Across the board, surveyed CEOs in India said IoT, Cloud, AI/Machine Learning, robotic process automation and advanced analytics were the top technologies that they believe can deliver benefits for their business. This aligns to the fact that many global surveyed CEOs also placed the CIO and CTO in their post-pandemic inner circle of most crucial C-Suite members.
Commenting on the survey insights, Sandip Patel, Managing Director, IBM India/South Asia said, “We are living in an all-pervasive digital world – and enterprises must transform with speed to remain relevant and win. This study validates the success factor that CEOs across the world will continue to imbibe in their businesses & workforce – that of co-creation and co-innovation, led by stronger partner ecosystems. And holding all this together – the ‘Sutradhar’ – is the power of exponential technologies like hybrid cloud, AI, Internet of Things & others underpinned by enterprise-grade security.”
In addition, this year, regulation leapfrogged to second spot, cited as an external force that will affect business in the next few years by over half the CEOs globally; 50 percent of Indian CEOs agreed. This unquestionably reflects a rising assertiveness by governments around privacy, data, trade and—amplified by COVID-19—health.

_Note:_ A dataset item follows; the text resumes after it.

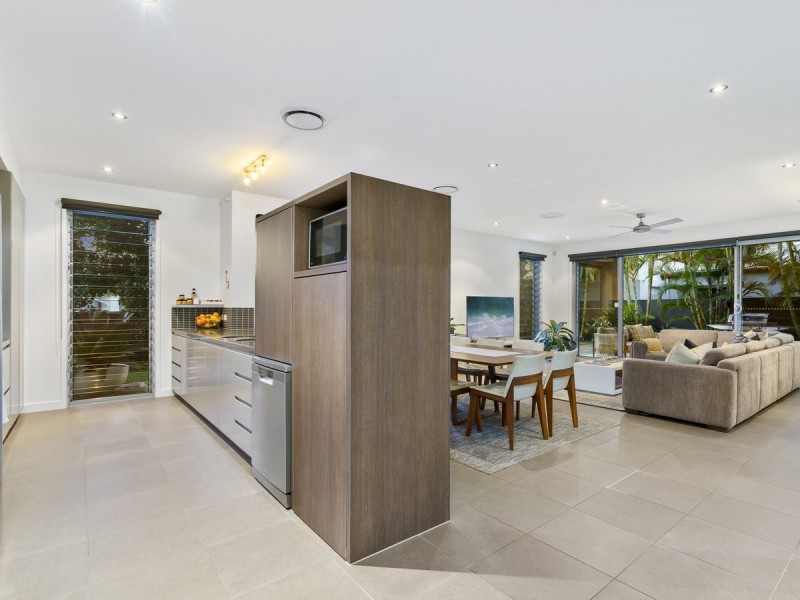 2 Ruthenium Court, Hope Island QLD 4212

Growing Importance of Partnerships
Outperforming company CEOs are also more focused on partnerships, according to the IBV study. In India, 55 percent of outperforming CEOs surveyed said partnerships have become more important for driving business performance while only about half as many underperformers said the same. Based on the results of this study, IBM’s thesis is that outperforming company CEOs are narrowing their focus to what they do best and relying on partners and ecosystems for access to broader ideas and innovation opportunities.
In addition, IBM notes that as many leaders increasingly see how their organizations can help address interconnected global issues like climate change, ecosystems may be able to play a pivotal role in driving lasting change.
Empowering Employees in the Hybrid Workplace
IBM’s annual study found the majority of CEOs surveyed reported empowering a remote workforce was their top priority during 2020. Half of outperforming company CEOs surveyed globally and 35 percent in India said managing a remote “anywhere” workforce is a top leadership challenge over the next few years. In addition, 41 percent of company CEOs in India report they plan to prioritize employee well-being even if it affects near-term profitability, reflecting that many surveyed leaders are heavily focused on their people in this moment.
IBM recommends that leaders consider carefully the longer-term challenge of a hybrid work environment, which can include things like providing employees with digital, cloud-enabled tools for collaboration, preventing employee burnout or sustaining company culture with focus on diversity and inclusion.
The IBV study includes recommendations from IBM for how leaders can seize this moment to reset and focus on what may be essential for success: choosing flexible and scalable technology platforms like an open hybrid cloud, investing in the holistic well-being of their people, and partnering to win with an open innovation approach.
Methodology
The “Find your essential” study polled 3,000 CEOs across 26 industries and nearly 50 countries including India (111 CEOs). It was conducted in cooperation with Oxford Economics and benchmarked against more than 20 years of IBM’s annual CEO surveys.